While roads to the elementary school were passable, the district had to obtain permission from a family to drive through their property to get to the middle/senior high school because a bridge was out.

Meeting needs, bracing for the long haul

Besides getting students to and from school, administrators and volunteers in flood-impacted districts have worked hard to ensure that newly homeless students have food, clothes and school supplies. To start, many children were immediately signed up for free school meals, which under the law, doesn’t require the usual income verification paperwork.

In Weld 6, three schools started providing free dinners to flood-impacted families starting Monday. In the Thompson district, Ramchander said the Rotary Club is providing backpacks filled with weekend food provisions to send home with students through its Kid Pack program.

Volunteers hold some of the 2,200 new backpacks and school supplies that arrived the week of the flooding from Feed the Children. Photo courtesy of Dana Scott. (Patrick Wall)

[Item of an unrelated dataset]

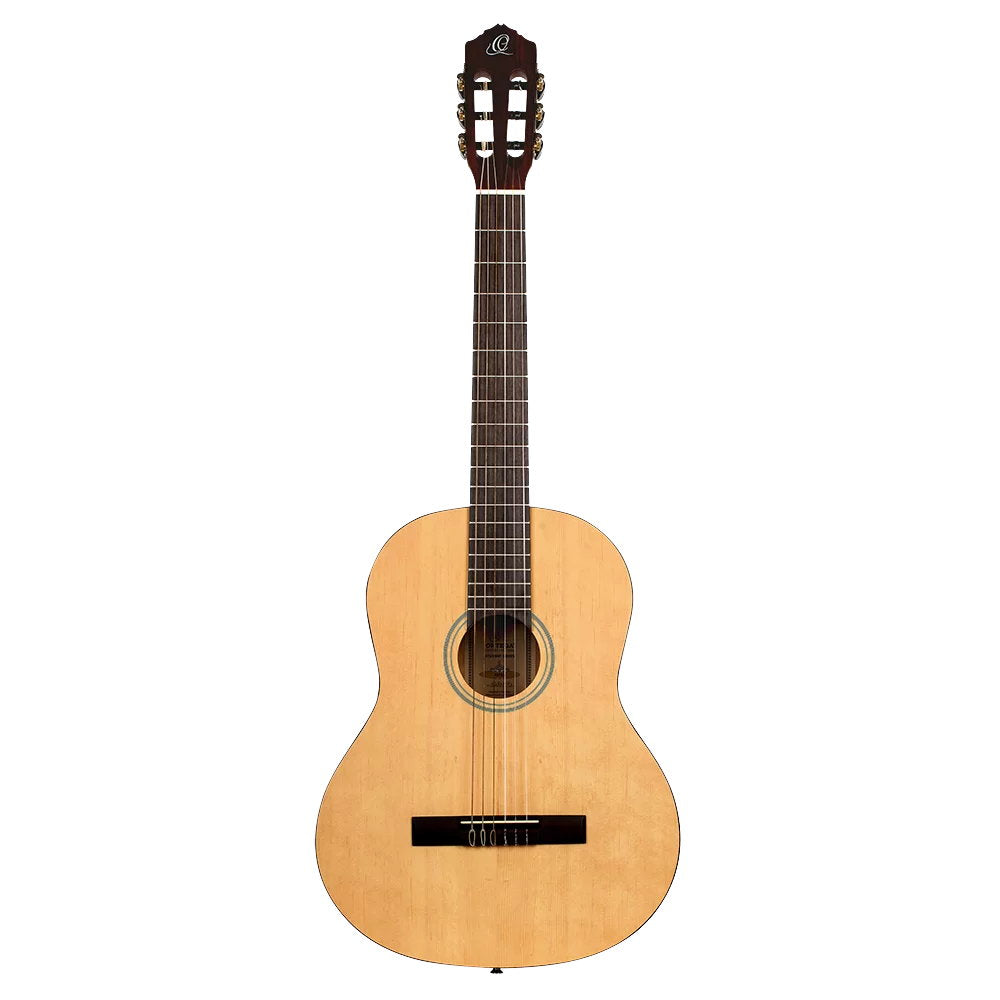 Ortega Student Series Nylon String Guitar Natural Matte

In one fortunate coincidence, a semi-truck loaded with 2,200 new backpacks and school supplies from “Feed the Children” happened to be heading to Colorado during the driving rains the precipitated the flood. Although the backpacks were not specifically intended for flood victims, once the magnitude of the disaster became clear, the distribution plan changed.

“We reworked some of the numbers so we had more backpacks go up north,” said Scott.

While many district officials are quick to praise staff and community helpers for generous donations and tireless efforts since the floods, it may be a long haul for some families. In Weld 6, the district is gearing up for the next big need among homeless students: warm clothing.

In St. Vrain Valley, many families remain worried about the safety of their water-logged homes.

“One of the biggest problems they’re dealing with right now is the debris and the mold…It’s a time bomb,” said Chavez. “They feel like they’re going to start getting ill.”